- TASK -
Could you restate word for word each line from the top of the listing below through the line containing "Hello guys, welcome"? Keep the pictures out.

- SUPPLIED DATA -

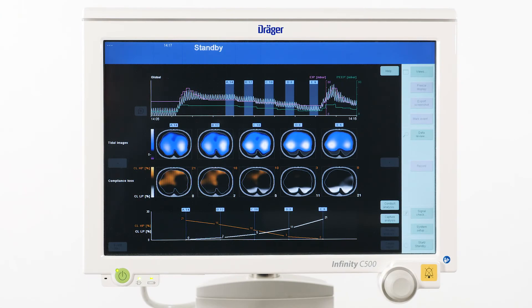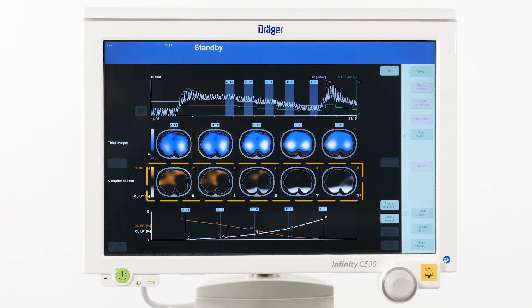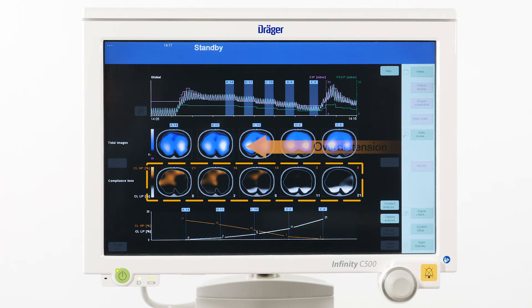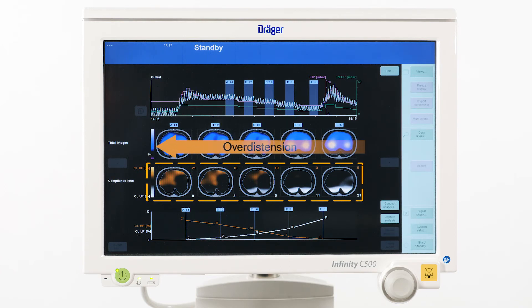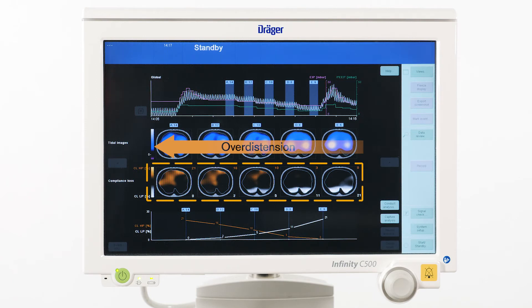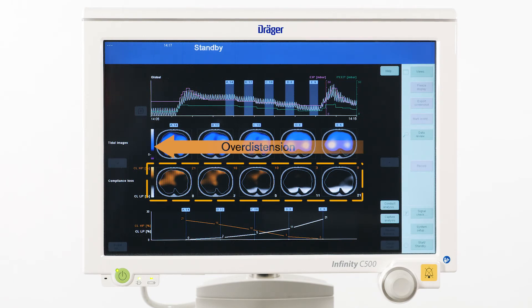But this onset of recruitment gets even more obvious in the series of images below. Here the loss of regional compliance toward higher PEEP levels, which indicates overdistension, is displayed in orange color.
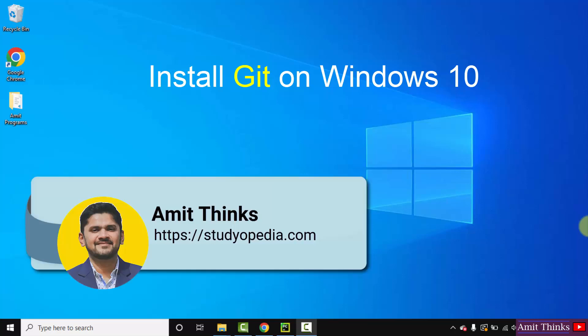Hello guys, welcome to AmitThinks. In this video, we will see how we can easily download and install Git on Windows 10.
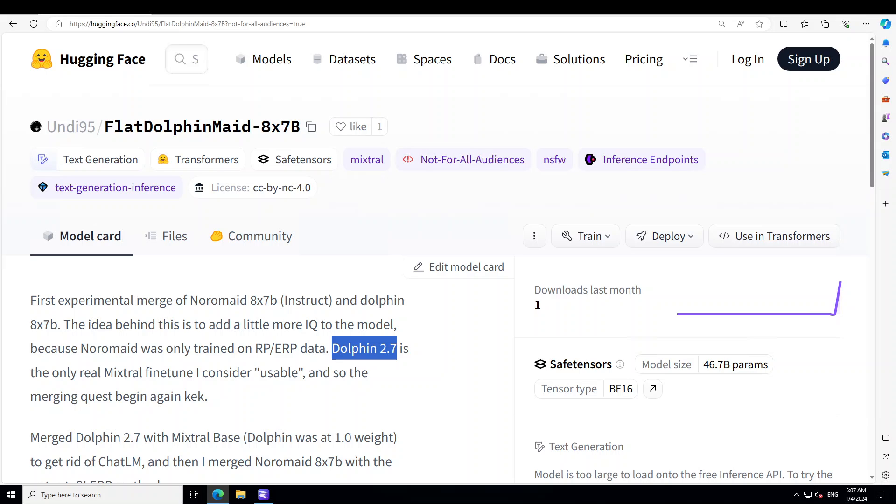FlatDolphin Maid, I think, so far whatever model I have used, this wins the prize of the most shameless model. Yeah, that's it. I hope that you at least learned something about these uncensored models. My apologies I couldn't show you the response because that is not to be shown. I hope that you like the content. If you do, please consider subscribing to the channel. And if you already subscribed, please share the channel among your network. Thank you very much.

- EXERCISE RESPONSE -
But this onset of recruitment gets even more obvious in the series of images below. Here the loss of regional compliance toward higher PEEP levels, which indicates overdistension, is displayed in orange color.
Hello guys, welcome to AmitThinks. In this video, we will see how we can easily download and install Git on Windows 10.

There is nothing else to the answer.